What to work on - Word for word, reproduce each line of the data below, omitting every image.

Short descriptive text snippets -
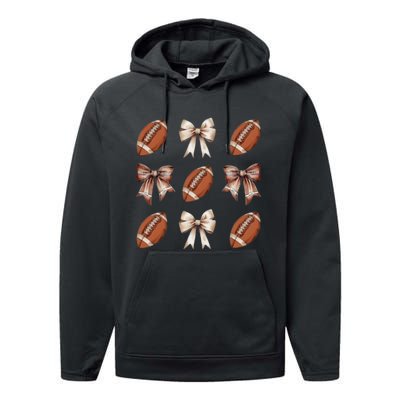 Brown Coquette Football Football Mom Sports Mom Performance Fleece Hoodie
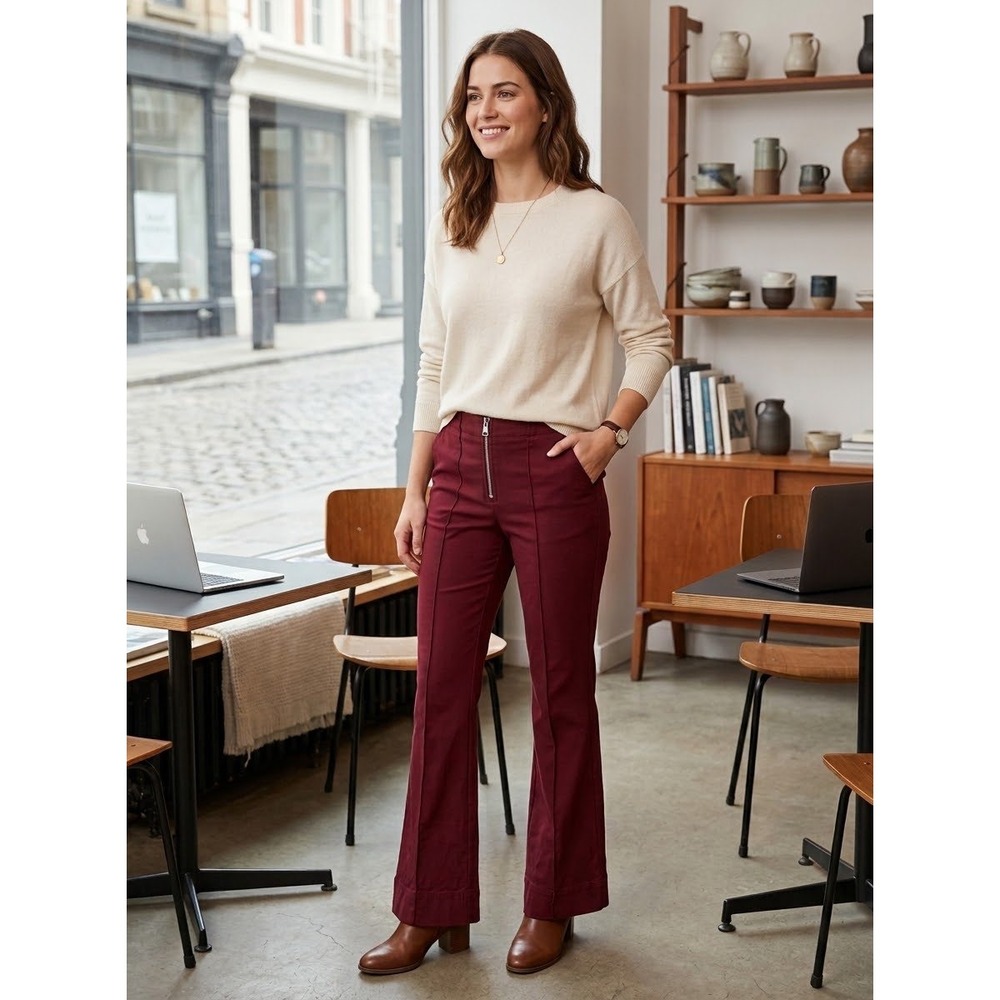 High Rise Flare Free People Burgundy Viscose Blend Pants Size M Medium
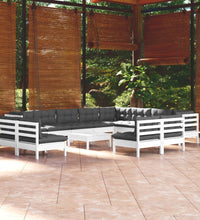 13-tlg. Garten-Lounge-Set mit Kissen Weiß Massivholz Kiefer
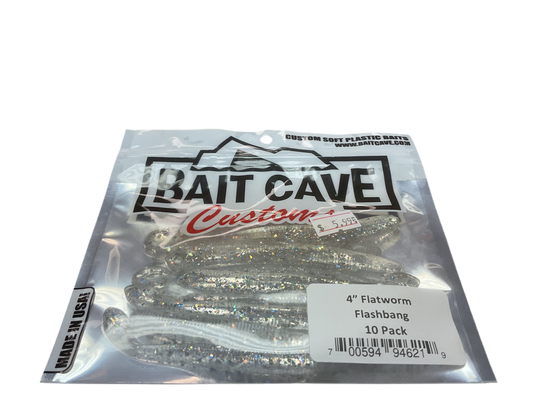 Bait Cave Customs 4” Flatworm 10pk (flashbang)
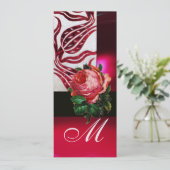 RED VELVET TULIPS MONOGRAM Burgund Weißes Eis Einladung (Stehend Vorderseite)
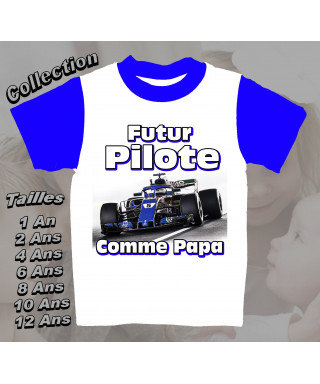 Tee-Shirt enfant Formule 1 Futur Pilote bleu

Reply -
 Brown Coquette Football Football Mom Sports Mom Performance Fleece Hoodie
 High Rise Flare Free People Burgundy Viscose Blend Pants Size M Medium
 13-tlg. Garten-Lounge-Set mit Kissen Weiß Massivholz Kiefer
 Bait Cave Customs 4” Flatworm 10pk (flashbang)
 RED VELVET TULIPS MONOGRAM Burgund Weißes Eis Einladung (Stehend Vorderseite)
 Tee-Shirt enfant Formule 1 Futur Pilote bleu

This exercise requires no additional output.